All'inizio, ho pensato, c'è molto di sbagliato in questo. Ho preso Babu come un truffatore incapace di fare soldi facendo ingannare centinaia di migliaia di innocenti credenti. Eppure gradualmente, attraverso il viaggio, è emerso qualcosa di diverso. Mi sono reso conto che non era del tutto vero. Dopo aver atteso in coda, sentito Babu parlare, bevuto il nostro miracoloso aiuto da piccoli bicchieri di plastica multicolori e girato per la lunga strada di ritorno a casa, ho assistito a un senso di sollievo e orgoglio che spazzava i miei compagni passeggeri. Avevano promesso la loro fede, nutrito le loro anime - e se fosse successo per curare il loro diabete, ancora meglio.
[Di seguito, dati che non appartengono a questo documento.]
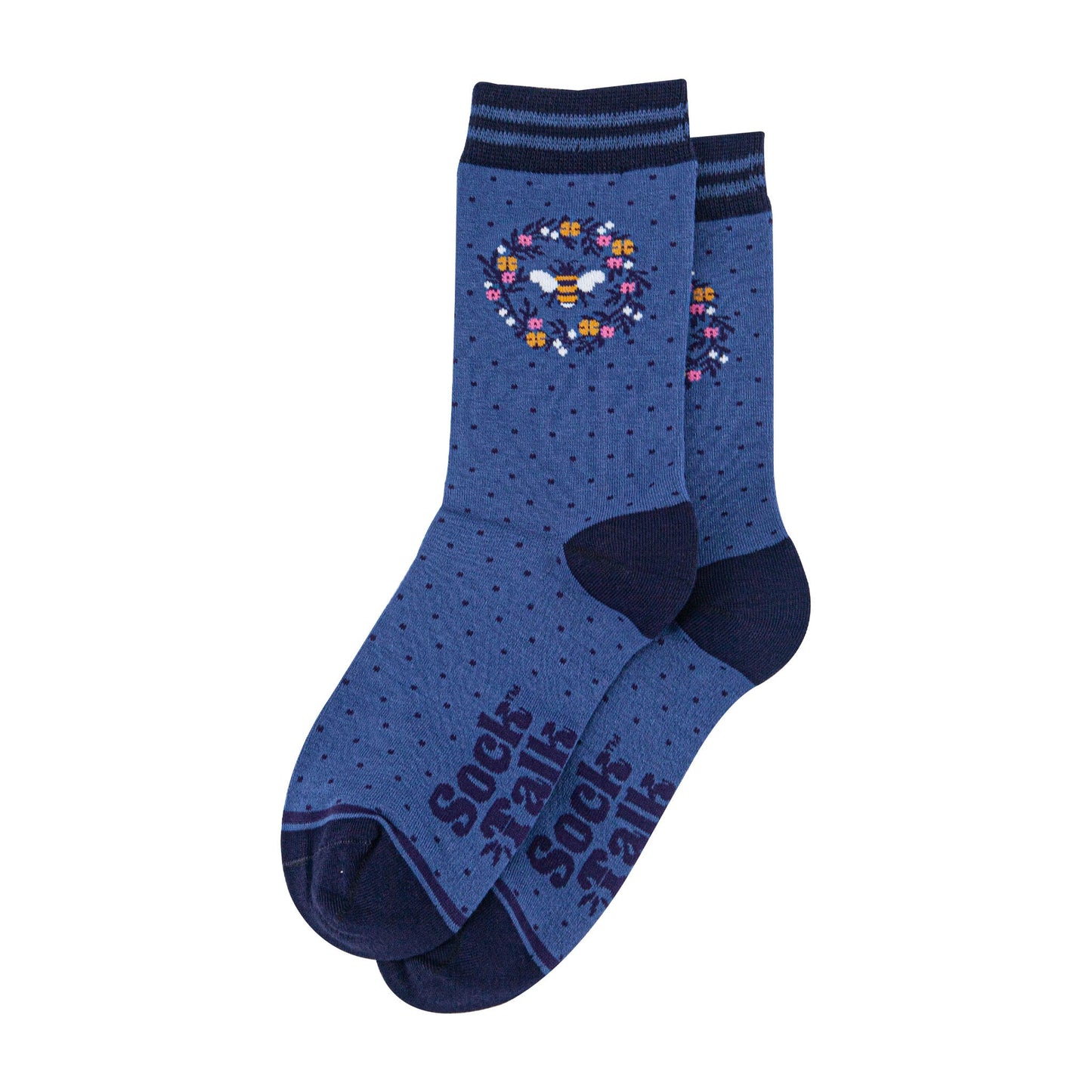 womens-bamboo-socks-denim-blue-navy-blue-bee-wreath-laying-flat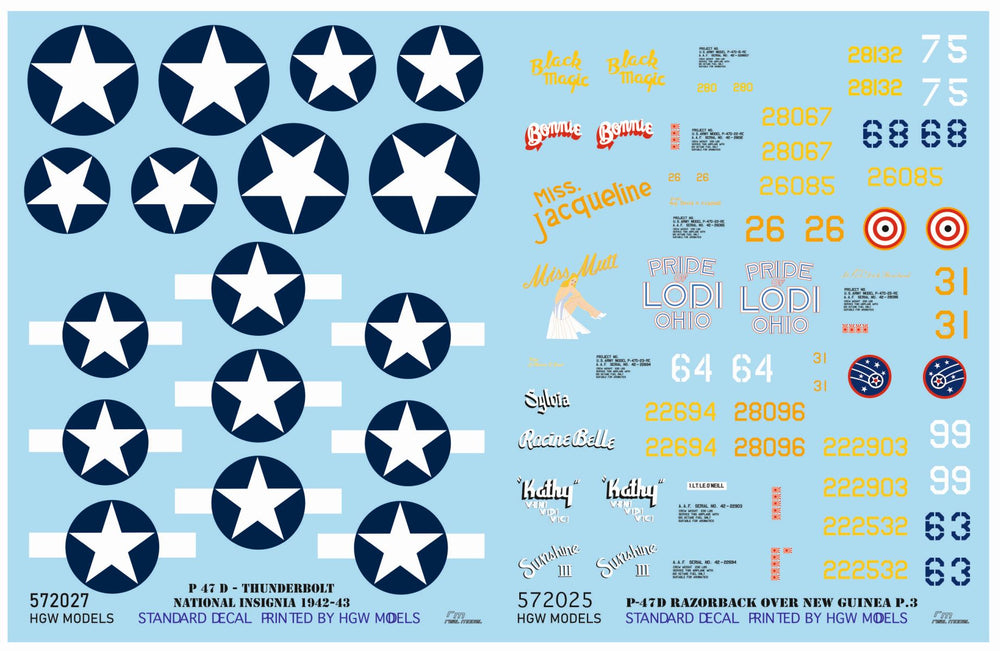 HGW HGW572025 1:72 Republic P-47D Thunderbolt RAZORBACK OVER NEW GUINEA pt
Poche ore dopo aver bevuto la mia coppa di miracoli - un intruglio terroso, sudicio e dal sapore di menta - Jennifer, il giovane neolaureato di Dar es Salaam seduto accanto a me, chiese tranquillamente: "Ti senti diverso?"
Ho risposto onestamente. "Sono sfinito, ma no, non mi sento diverso da prima."
Sorridendo, si voltò verso di me e scosse leggermente la testa. "È perché non ci credi."
Non credo ancora nella capacità di Babu di curare le malattie più urgenti del mondo. Ma ho iniziato a credere nella sua capacità di dare alla gente qualcosa di cui hanno ancora più bisogno: la speranza.